South Africa has decided to cease exports of specific types of citrus from certain regions in the country to the European Union early this season. The South African government has been asked not to inspect any more shipments of fruit from these regions after 12 September. An industry announcement stated: “At times in the past, the South African citrus industry has voluntarily suspended certain exports to limit potential interceptions of citrus black spot (CBS) symptomatic fruit at the tail end of the season and to protect the long term sustainability of the EU market. Experience has shown that the prevalence of CBS interceptions increases in this period, particularly on late Valencia oranges.”
According to the statement South Africa received 12 notifications of false codling moth (FCM) interceptions from the EU and has implemented stricter measures to mitigate the risk of additional FCM interceptions.
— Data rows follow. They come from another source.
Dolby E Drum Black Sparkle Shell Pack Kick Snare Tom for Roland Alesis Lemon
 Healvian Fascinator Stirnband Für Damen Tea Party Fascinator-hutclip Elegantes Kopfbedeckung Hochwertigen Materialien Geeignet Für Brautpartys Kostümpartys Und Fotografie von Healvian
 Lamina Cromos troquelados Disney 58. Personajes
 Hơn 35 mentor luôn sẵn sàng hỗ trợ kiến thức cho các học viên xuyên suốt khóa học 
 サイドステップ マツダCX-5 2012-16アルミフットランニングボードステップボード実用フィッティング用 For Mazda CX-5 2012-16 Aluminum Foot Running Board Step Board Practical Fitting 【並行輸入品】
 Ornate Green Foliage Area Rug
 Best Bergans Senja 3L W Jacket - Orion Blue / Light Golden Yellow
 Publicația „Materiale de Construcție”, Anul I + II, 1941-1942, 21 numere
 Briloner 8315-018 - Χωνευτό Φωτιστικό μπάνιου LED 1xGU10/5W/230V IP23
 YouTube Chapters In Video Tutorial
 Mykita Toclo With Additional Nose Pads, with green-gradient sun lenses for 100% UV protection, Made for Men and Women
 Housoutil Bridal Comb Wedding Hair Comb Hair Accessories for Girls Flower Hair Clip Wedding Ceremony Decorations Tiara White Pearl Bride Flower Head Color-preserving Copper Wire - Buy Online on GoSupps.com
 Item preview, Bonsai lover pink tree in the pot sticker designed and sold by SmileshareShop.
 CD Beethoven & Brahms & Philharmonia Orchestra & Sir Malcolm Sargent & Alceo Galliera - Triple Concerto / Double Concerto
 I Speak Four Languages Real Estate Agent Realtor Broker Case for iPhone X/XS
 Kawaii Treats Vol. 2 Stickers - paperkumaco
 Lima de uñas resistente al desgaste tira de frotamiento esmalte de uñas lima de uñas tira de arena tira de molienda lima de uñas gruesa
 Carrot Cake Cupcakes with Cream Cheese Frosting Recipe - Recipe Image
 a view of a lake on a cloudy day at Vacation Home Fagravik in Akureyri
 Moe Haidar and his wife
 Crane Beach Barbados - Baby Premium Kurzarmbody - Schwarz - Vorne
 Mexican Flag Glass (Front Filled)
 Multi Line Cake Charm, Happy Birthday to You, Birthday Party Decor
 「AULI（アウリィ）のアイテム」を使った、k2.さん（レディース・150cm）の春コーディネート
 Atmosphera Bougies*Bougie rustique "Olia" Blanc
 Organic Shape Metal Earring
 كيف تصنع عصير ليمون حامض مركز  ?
“Although there is only one CBS interception in the EU so far this season, there is a need to also mitigate the total number of interceptions,” the statement read.
The decision was taken by the Citrus Growers’ Association’s (CGA) disaster management committee. In a notice to citrus growers, the committee said the move is a proactive and diligent intervention to demonstrate the industry’s responsible and sustainable risk mitigation.
According to the statement the intervention will be enacted through automatic withdrawal of EU registration of affected orchards on the industry’s PhytClean system, which plays a key role in orchard inspections for fruit exported to the EU.
This will mean that the certification body, PPECB, will not inspect any citrus fruit of the affected types and production regions for shipment to Europe after midnight on 12 September.
The statement stressed the CBS free areas of the Western and Northern Cape are exempt from the ruling, as well as the low risk Gamtoos and Katriver production regions in the Eastern Cape. Mandarins and other soft citrus are also exempted as a low risk citrus type.